Un engagement plus politique

Ce nouveau statut de pourvoyeur d’armes en Afrique reflète le rôle stratégique joué désormais par la Turquie sur le continent. Ce phénomène s’est au départ manifesté dans la Corne de l’Afrique, en particulier en Somalie où après une implication initiale d’ordre humanitaire, Ankara s’est mis à soutenir de manière de plus en plus ostensible le gouvernement somalien dans la guerre civile qui ravage ce pays depuis plusieurs décennies. Depuis deux ans on observe que l’engagement de la Turquie en Afrique prend un tour de plus en plus politique. En 2020-2021, parallèlement à son engagement militaire en Libye, Ankara a signé des accords de coopération militaire avec le Niger, l’Éthiopie, le Tchad ou le Togo tout étant, au grand dam de la France, le premier pays à prendre contact avec le gouvernement de transition libyen, établi consécutivement au coup d’État d’août 2020.

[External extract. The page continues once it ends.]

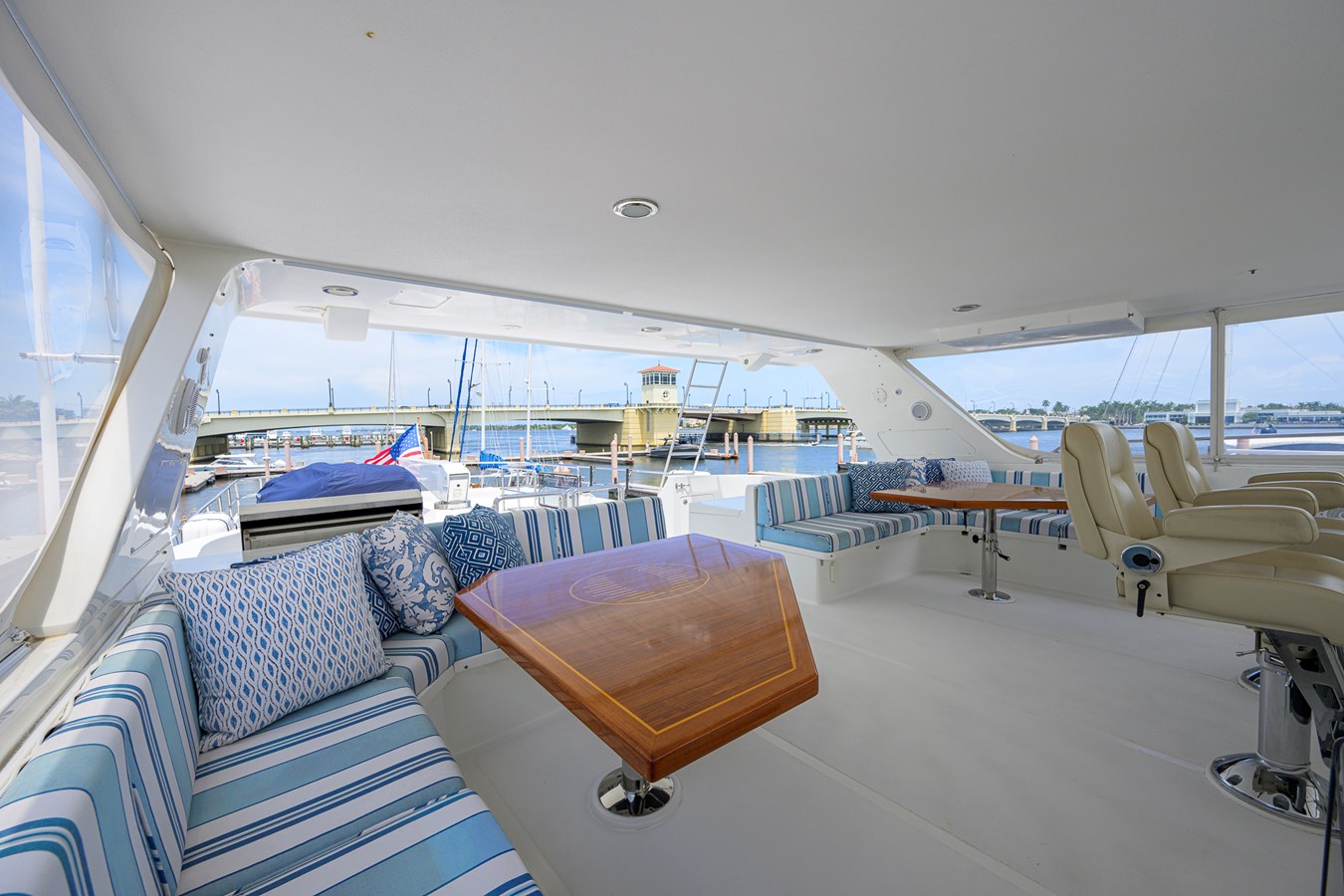 Flybridge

Cette implication militaire et stratégique turque se confirme au moment où le continent africain est l’objet de nouvelles interventions étrangères. Dans la Corne de l’Afrique, Ankara soutenue par le Qatar n’a pas tardé à rencontrer l’Égypte et les Émirats arabes unis soutenus par l’Arabie saoudite, contribuant ainsi à exporter sur ce continent les antagonismes du Proche-Orient. Mais, dès lors que la présence stratégique turque s’étend à l’ensemble du continent africain, le problème se pose aussi de savoir comment Ankara se positionnera par rapport à d’autres acteurs qui y sont en position ascendante, notamment la Russie. Certes, le conflit libyen a montré que les deux pays étaient loin de partager les mêmes intérêts, mais on a pu voir sur d’autres théâtres de conflit (la Syrie notamment) que, même en désaccord, ces deux frères ennemis pouvaient taire leurs différends immédiats pour opérer des rapprochements ponctuels leur permettant de marginaliser les Occidentaux. Bien sûr, ce scénario est loin d’être joué, mais le risque qu’il représente inquiète beaucoup les anciennes puissances coloniales qui, comme la France ou le Portugal, sont très impliquées en Afrique occidentale.

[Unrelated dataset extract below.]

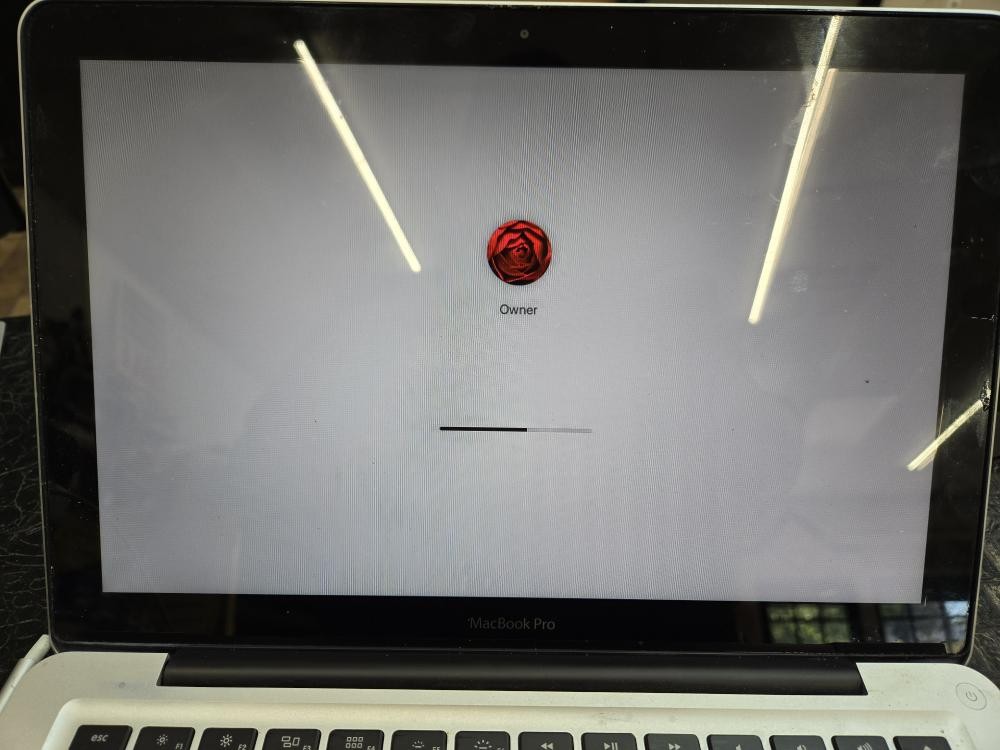 APPLE MACBOOK PRO A1278 Stuck on loading screen after reset (ROA000818)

Quelques jours avant la tenue du troisième sommet Turquie-Afrique, Emmanuel Macron, en charge de la présidence tournante de l’Union européenne (UE) au premier semestre 2022, a annoncé à son tour la tenue d’un sommet UA-UE en février 2022 pour dynamiser la relation « un peu fatiguée » des deux continents. Nul doute que cette initiative doit être comprise dans l’évolution actuelle des équilibres stratégiques en Afrique, où la Turquie occupe une place qui est loin d’être négligeable.

1Allusion aux cinq membres permanents du Conseil de sécurité.